A Levin woman says she is depressed and in limbo after learning her home was in the path of a proposed new state highway.
Judy Ashworth says she wants NZ Transport Agency to buy her home immediately. She said a private buyer who was about to sign a purchase agreement pulledout of the deal the day NZTA released the route for the new road that showed her home was within the proposed highway corridor.
NZTA director of regional relationships Emma Speight told the Horowhenua Chronicle NZTA's advance purchase policy required a property be put on the open market for three months before an advance purchase request could be considered.
Speight said should the property not sell on the open market NZTA would consider an advance purchase. Negotiations typically took three to six months, depending on circumstances, she said.
"While we aren't currently actively purchasing properties for the project, property owners in special circumstances that are requesting early purchase under our advance purchase policy will have a Transport Agency property consultant work with them to explain the process and keep them informed on progress," she said.
But Ashworth said the timeframe was "ridiculous" as it was near-impossible to attract a buyer now her home was within the proposed highway corridor.
Listing the house on the open market was a waste of time. She said NZTA was now the only buyer in the picture. Real estate agents had told her they weren't interested in listing the property for sale.
Ashworth said NZTA failed to acknowledge her private sale agreement last year, that she said was well above government valuation at $575,000 for the house.
"I just want to move on, preferably before I am dead," she said.

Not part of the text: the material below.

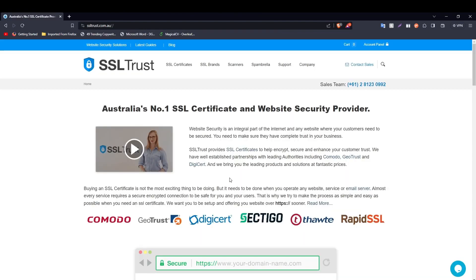That's how easy it is to install an SSL certificate on your website through EasyPanel. You can find the written guide with all commands in the video description so you can copy and paste rather than typing them out. If you were able to install the SSL certificate successfully, please give this video a like, put any questions in the comments below, and thanks for watching.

She said she was suffering from severe depression as a result of situation, compounded by kidney disease and renal failure. NZTA had offered her a counsellor, who she was visiting regularly.
Ashworth said the stress of the situation had caused a split between her and her husband of 29 years.
They were now living in separate towns, as he'd moved to Ashburton.
She said she hoped for a reconcilliation with her husband one day.
Speight said NZTA had set up an independent counselling service that was made available to property owners affected by the project "should they or someone they know need support."
"This offer was extended to all potentially affected property owners in letters they received in January and December last year," she said.
The Ashworths had lived in the Arapaepae Rd house in Levin for 23 years. Since the split Ashworth said she was living in a flat at the back of the house and had rented out the main house.
NZTA confirmed the preferred corridor for the Ōtaki to north of Levin expressway in December last year and said it was working with affected property owners on the next steps.
Both parties had to obtain registered valuations to help them reach agreement on price. Ashworth said she had recently bought a property in Timaru to be close to her only son. "I'm stuck here and I don't want to be," she said.
"I bought it believing NZTA were going to come to the party. For them, what's the hurry? But for me, I want to get on with my life.
"They cannot play with people's lives. They have to be made accountable."
Ashworth suggested NZTA buy out those people who want to leave their homes immediately, and rent those houses out until the new road was built.
"How many people will die waiting to move on," she said.